Markers development and analysis
Only PCR-based markers such as SSR, STS and CAG were used in the current study. Firstly, sequence-ready markers (or locus-specific markers), SSRs were developed for mapping the Avr gene targeted based on the whole-genome sequence of M. grisea released by the International Rice Blast Genome Project (IRBGP, http://www.riceblast.org; Dean et al. 2005) through BIA using the appropriate software tools. That is, primer pair for SSR marker was designed to the flanking region of the SSR using software tools SSRIT (http://www.gramene.org/microsat/ssrtool) and Primer Premier 5.0 (http://www.primerbiosoft.com) with parameters essentially as described by Chen et al. (2002). A total of 121 SSR markers were developed from the whole genome of M. grisea at intervals as even as possible (data not shown). For further narrowing down the chromosomal location of the target gene, additional SSR and STS markers were developed in the region defined by the first round survey with the 121 SSR markers. The last round survey was carried out with the CAG markers, which were developed based on the sequence of the candidate genes predicted using the gene annotation system, Softberry FGENESH (http://www.softberry.com). All primers designed were synthesized by SBS Genetech Co., Ltd. (Beijing, China). The primer sequences, marker positions, PCR conditions and detection procedures were shown in Table 1.
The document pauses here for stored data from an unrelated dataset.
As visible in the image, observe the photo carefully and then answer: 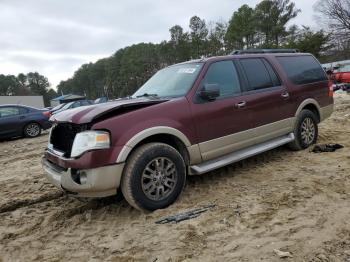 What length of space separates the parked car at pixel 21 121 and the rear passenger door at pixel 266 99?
10291 mm

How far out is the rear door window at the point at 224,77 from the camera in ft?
16.7

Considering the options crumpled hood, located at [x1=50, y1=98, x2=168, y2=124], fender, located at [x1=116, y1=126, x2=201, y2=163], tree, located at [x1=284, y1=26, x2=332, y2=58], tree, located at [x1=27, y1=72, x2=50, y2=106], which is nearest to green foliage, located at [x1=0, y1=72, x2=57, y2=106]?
tree, located at [x1=27, y1=72, x2=50, y2=106]

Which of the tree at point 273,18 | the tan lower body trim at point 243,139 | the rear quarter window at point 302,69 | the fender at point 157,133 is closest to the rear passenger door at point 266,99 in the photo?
the tan lower body trim at point 243,139

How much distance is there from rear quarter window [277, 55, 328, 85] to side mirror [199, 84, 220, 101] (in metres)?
2.02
Genetic mapping of the Avr gene
According to pathogenicity test, two contrasting bulks were prepared, each containing DNA from six avirulent or virulent isolates toward the rice cultivar GA25. The concentration of each DNA examples was adjusted to be equal before pooling. Mapping of the target gene to a particular M. grisea chromosome was achieved by three steps (Chen et al. 2005, 2006; Liu et al. 2005). First, bulked-segregant analysis (BSA, Michelmore et al. 1991) was performed to screen polymorphic markers for the target gene. Then, these markers were determined as candidate markers for the target gene by testing individual isolates consisted of both pools. Third, candidate markers were confirmed as linkage markers for the target gene by testing all the isolates other than those included in both pools in the mapping population.
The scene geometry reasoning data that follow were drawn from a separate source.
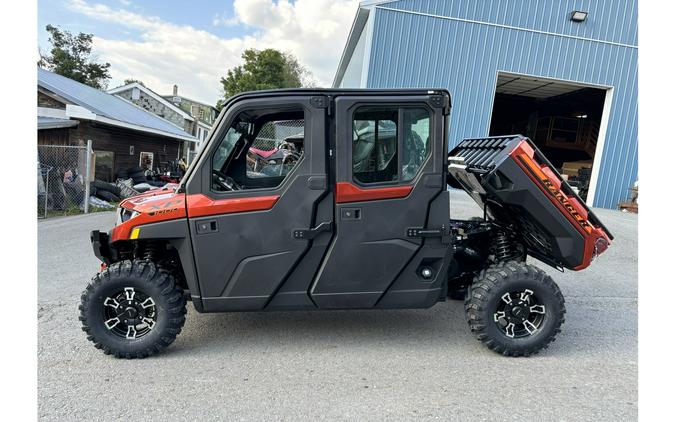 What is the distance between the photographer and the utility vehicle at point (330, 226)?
3.52 metres

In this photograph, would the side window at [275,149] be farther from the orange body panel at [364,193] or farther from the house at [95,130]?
the house at [95,130]

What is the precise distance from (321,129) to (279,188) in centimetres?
62

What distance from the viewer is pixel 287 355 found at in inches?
147

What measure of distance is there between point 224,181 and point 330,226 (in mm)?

Linkage relationship was determined by testing segregation mode generated by gene pairs combined, using a χ 2 test (Table 2). When the χ 2 for linkage was significant at less than 5% level, recombination frequency of gene pair was calculated by the maximum likelihood method (Allard 1956), and converted to map distance in centimorgans (cM) by Kosambi’s function (Kosambi 1944).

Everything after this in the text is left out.